Genetic Vulnerability
When a child or a teen exhibits violent behavior that youngster is suffering. Happy, well-adjusted kids aren’t violent. The child may have been born with a predisposition to aggression but that vulnerability may be linked to a mood disorder or personality disorder – neither of which predispose the youngster to peace of mind and happiness. Both psychotropic and alternative interventions can effectively address biological factors contributing to aggression. Consider speaking to a naturopathic practitioner in addition to your medical doctor. In most cases, counseling, anger management therapies and other cognitive-behavioral interventions will also be an important part of complete healing.

When a child is otherwise functioning very well and his or her aggression seems to be a temperamental, inborn tendency and acts of aggression are rare enough or mild enough NOT to significantly interfere with his or her functioning or well-being, an intervention to seriously consider is Bach Flower Therapy. Bach Flower remedies can often turn off violent tendencies and are certainly worth a try even when violence is a serious problem (along with other interventions in this latter case). Sometimes they are all that is needed while at other times, the remedies may be a helpful part of a more comprehensive strategy for aggression and violence that includes one or more treatment modality (such as psychotherapy, psychotropic medication, naturopathic interventions, self-regulation strategies, etc.). Since Bach Flowers do not interact with any other substance, they can be used safely along with any medicine, herb, or nutritional program. For violent behavior, it is best to consult a Bach Flower Practitioner, but if you can’t find one, of the 38 Bach Flower remedies you should consider Vine (for strong-will, stubborn and bully-type behaviors), Holly (for aggression that is triggered by jealousy, hurt and insult), Impatiens (for anger arising out of nervous tension and emotional strain) and Chestnut Bud (for violence that is impulsive and unresponsive to normal discipline strategies). All of these can be mixed in one treatment bottle (see the article on Bach Flower Remedies on this site).
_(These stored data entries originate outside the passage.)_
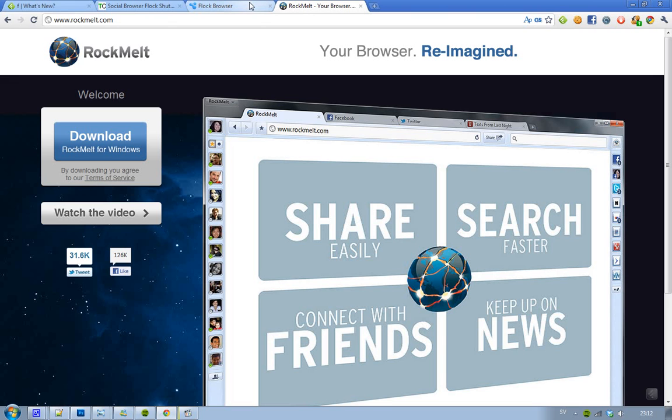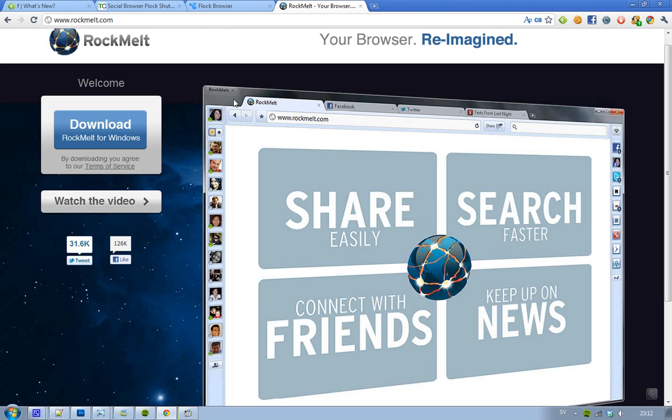It's going to be interesting to see what's going to happen with Rockmelt, if it's going to be more popular. I'm not sure how many people use it, but if I see here, Facebook likes, 126k. I mean, it's pretty many people.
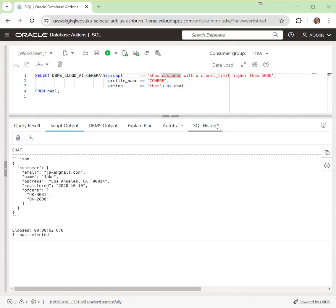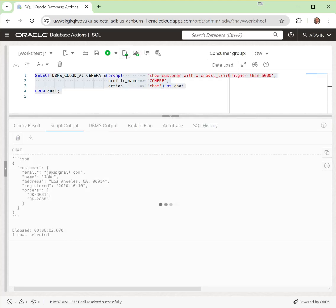Next, we're going to change the prompt to show customer with a credit limit higher than 5,000, natural language again to the interface, and we're going to go ahead and run that query.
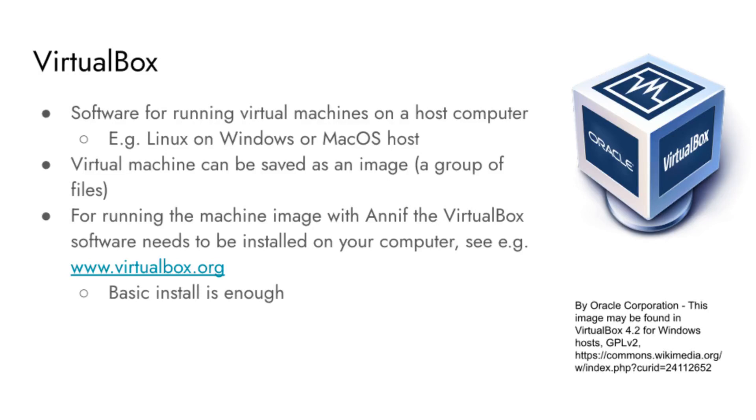For running the machine image containing ANIF, the VirtualBox software needs to be installed on your computer. Instructions for installation can be found from the VirtualBox website. The basic VirtualBox install is enough.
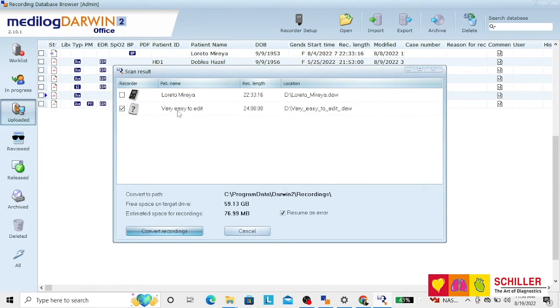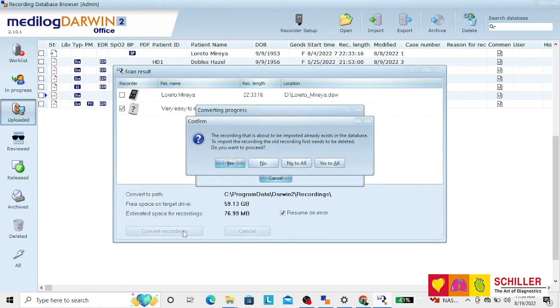select the recording, you should only have one, and click on Convert Recordings.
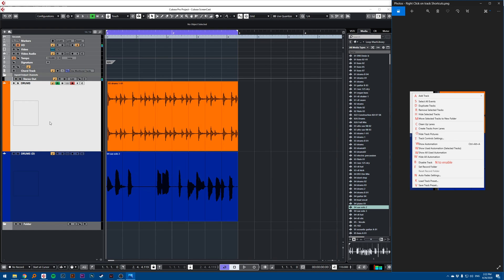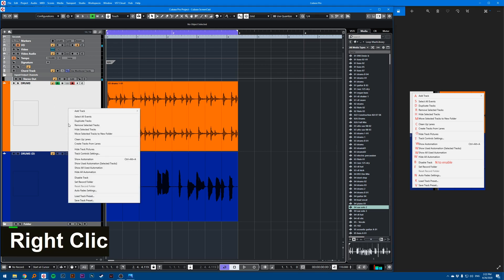Hi, so this is a quick tip in Cubase. If you right click on a track, you'll get this pop-up menu.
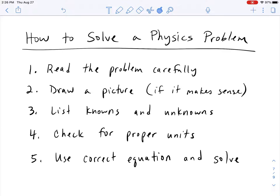Thanks for tuning in to another physics lesson with Mr. M. In this video, I'm going to teach you how you can solve pretty much any physics problem that you have. This video is really good for beginner physics students. I have a lot of videos out there that show how to do specific physics problems, but in this video I'm going to break down how to solve any physics problem, because I pretty much do this in all of my physics videos.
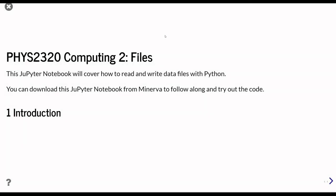OK, so this is the first unit on the strand of files in the FIS 2320 Computing II video tutorials. If you're a lead student, you'll be able to download the Jupyter notebook which was used to make these slides, as well as the PDF file from Minerva.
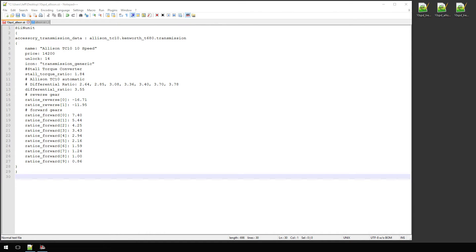Welcome everyone, Jeff with Half-Assed Gaming here, starting a new series today on editing SII files. I know that doesn't really sound exciting to a lot of you, however this is the type of modder I am. I do a lot of research, and I like numbers, and this game is full of numbers.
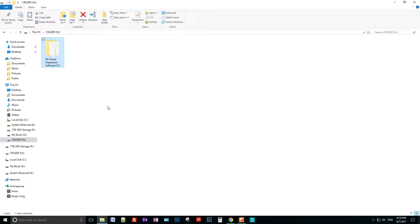Once I have this backup created, I can restore it. I'm going to assume that I'm installing a new version of the software. When you install a new version, it may overwrite your templates and comment libraries, so you'll definitely want to get those back.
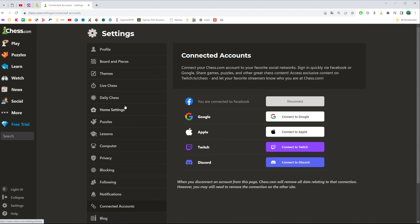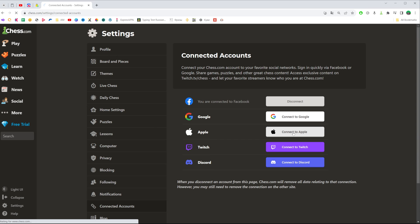After that we'll be taken to that screen where we can easily connect our Apple account to chess.com by clicking at that button.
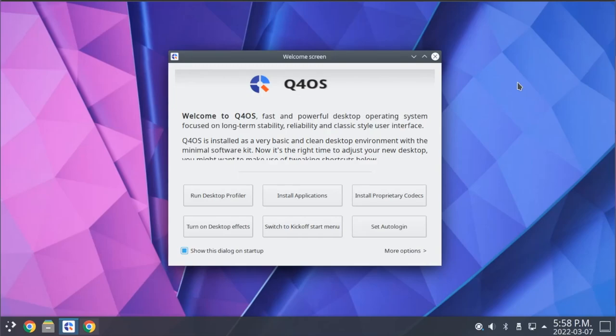Today we're going to be taking a look at a Linux distribution called Q4OS, which is designed to be a fast and powerful Linux distribution that is based on Debian.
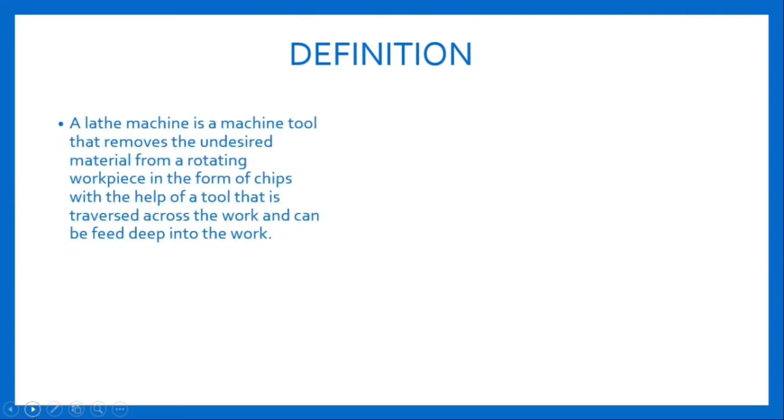Definition: A lathe machine is a machine tool that removes undesired material from a rotating workpiece in the form of chips with the help of a tool that is traversed across the work and can be fed deep into the work.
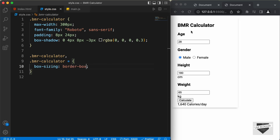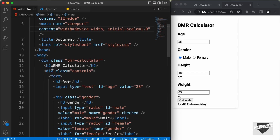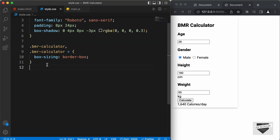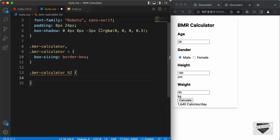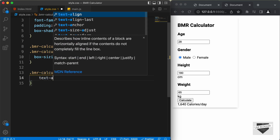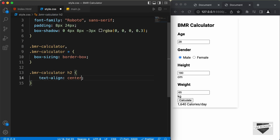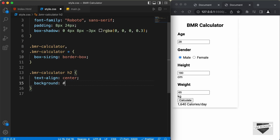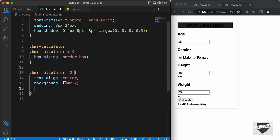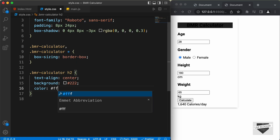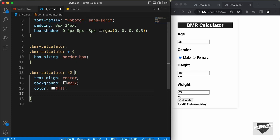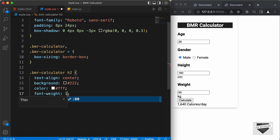Now, the first thing we will style is this heading. For the heading, we have an h2. So, let's style that. I'll type .bmrcalculator h2. And let's set the text-align to center. We will set a background color of dark gray and set the color of the text to white. And let's set the font-weight to 100.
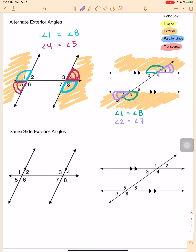Now we have our very last one — same side exterior angles. Same idea, but this time we are not flipping over the transversal. They are going to be on the same side of the transversal.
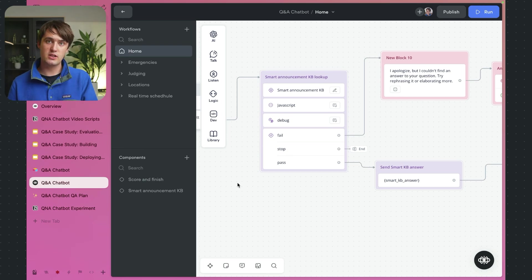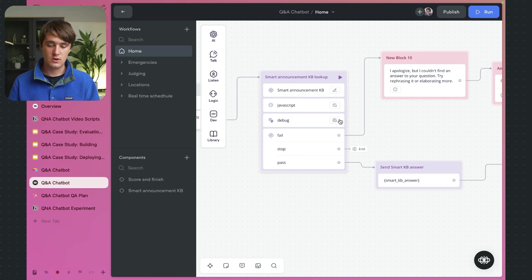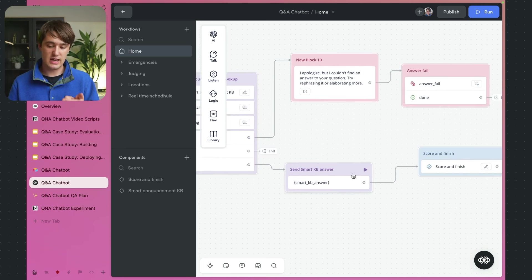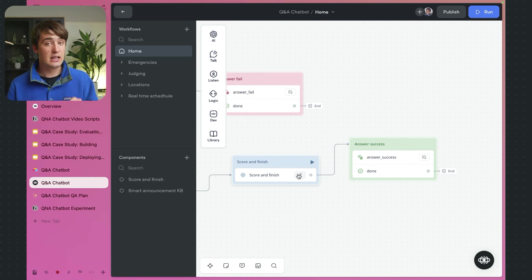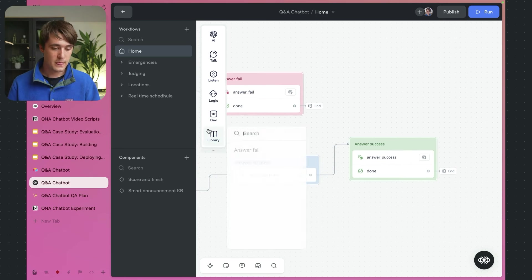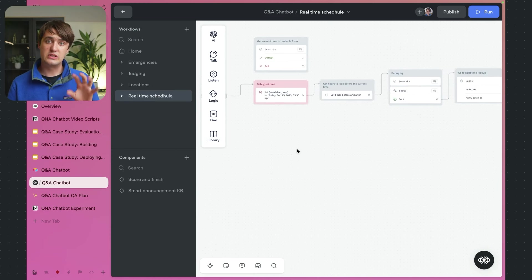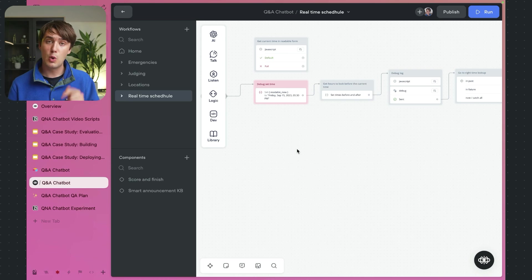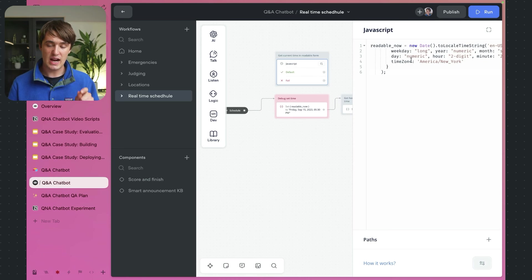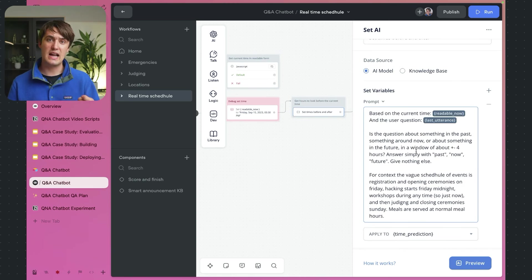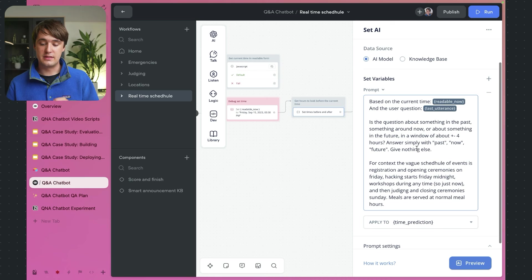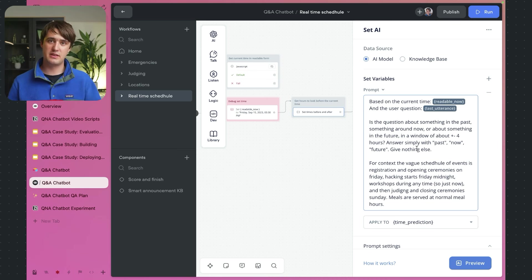This whole template for the VoiceFlow project will be available in the GitHub linked in the description. After the knowledge-base lookup we speak out the output and then run the score-and-finish step, which gives an AI score to the quality of the answer. Looking at the Real-Time Scheduling workflow — this gets information from Hack the North's Hacker API to supplement answers with up-to-date real-time information, because there's a ton of scheduling information and giving it all to the AI at once gets a little overwhelming.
On the other hand, the child may have started off with perfectly healthy genes and later developed emotional problems due to stressful life circumstances. Family dysfunction, conflicted homes or high conflict divorce, chronic learning problems, abuse, assault, victimization and trauma may all lead to a build up of anger and stress that may be acted out in aggression. If your child has been through hard times, professional counseling can help ease emotional distress as well as provide appropriate communication and anger-management skills. In addition, do whatever you can to improve your own emotional balance, communication skills, stress management skills and anger management skills so as to provide the best possible model for your child. This is important even when you have no role whatsoever in your child’s violent approach to life. A consistent healthy model can only help the situation and in some cases, it is all that you can provide.